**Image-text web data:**
* * * * * * * * *

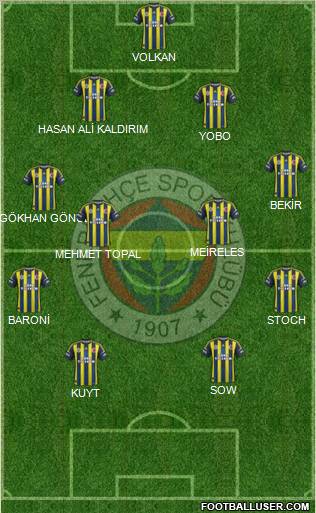 Fenerbahçe SK Formation 2012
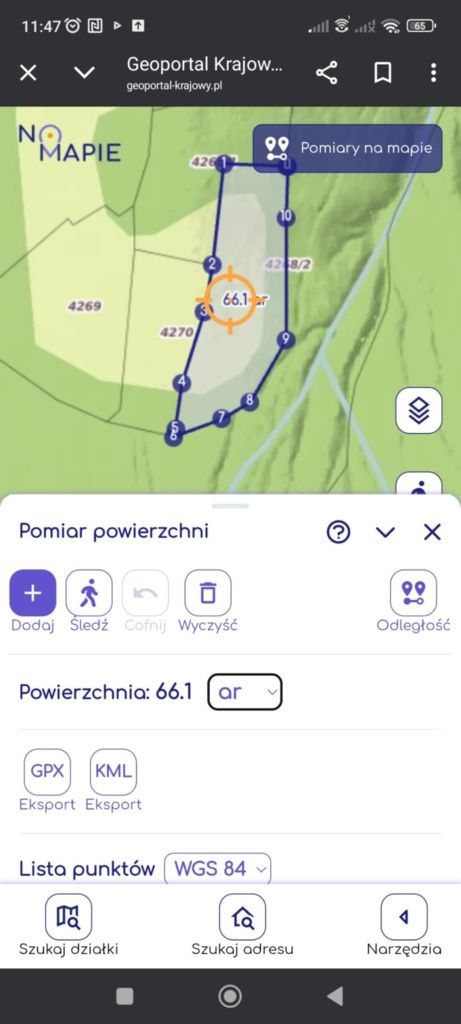 Sprzedam polane "Wyśnie"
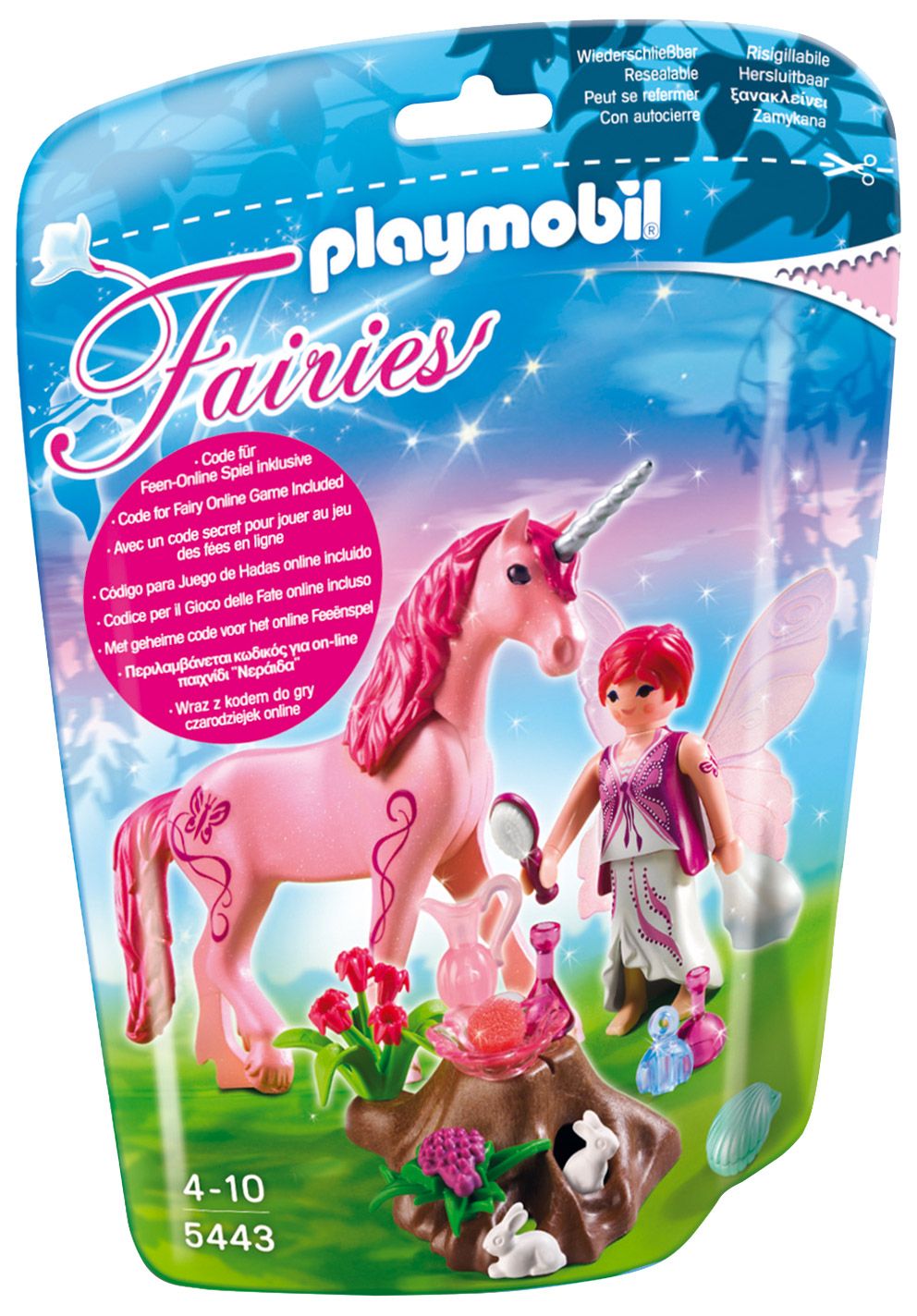 Playmobil princesse reine sceptre rose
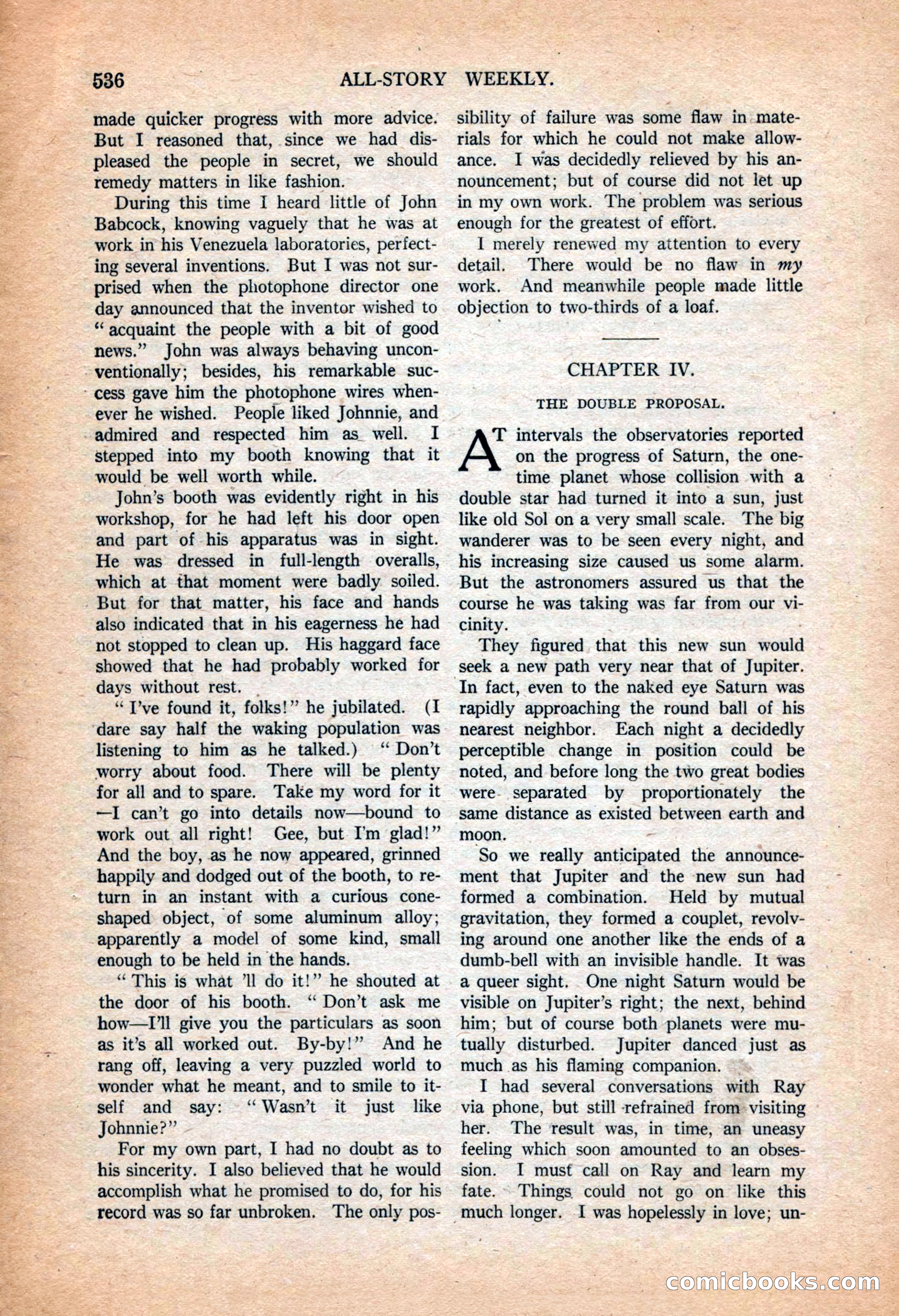 All-Story Weekly, March 9, 1918 — page 18 of 208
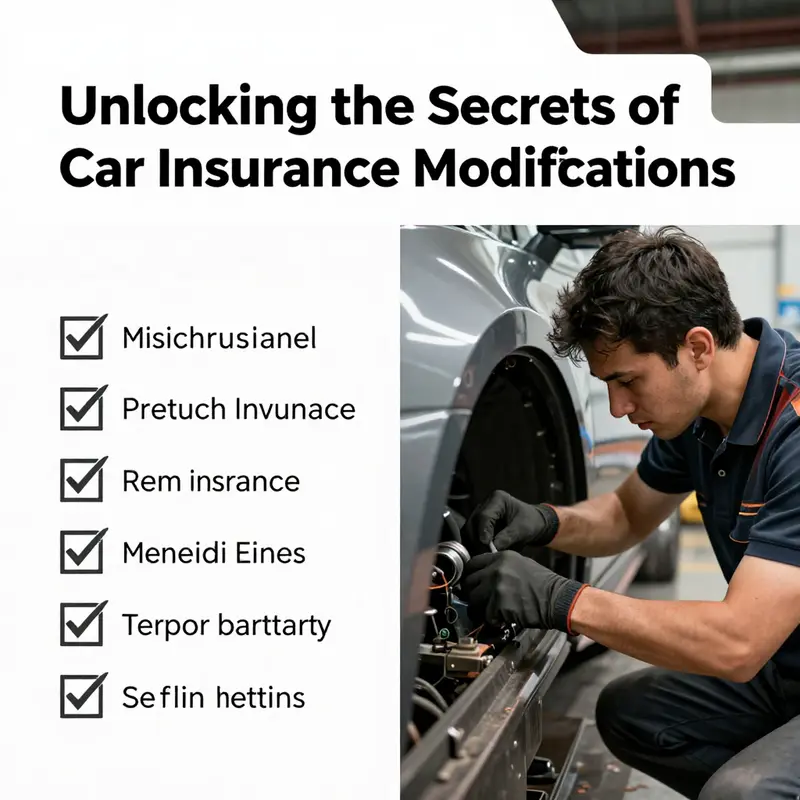 Exploring the process of car insurance modifications and how it impacts vehicle coverage.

* * * * * * * * *

Return all the data above as written, leaving out only the pictures.

 Fenerbahçe SK Formation 2012
 Sprzedam polane "Wyśnie"
 Playmobil princesse reine sceptre rose
 All-Story Weekly, March 9, 1918 — page 18 of 208
 Exploring the process of car insurance modifications and how it impacts vehicle coverage.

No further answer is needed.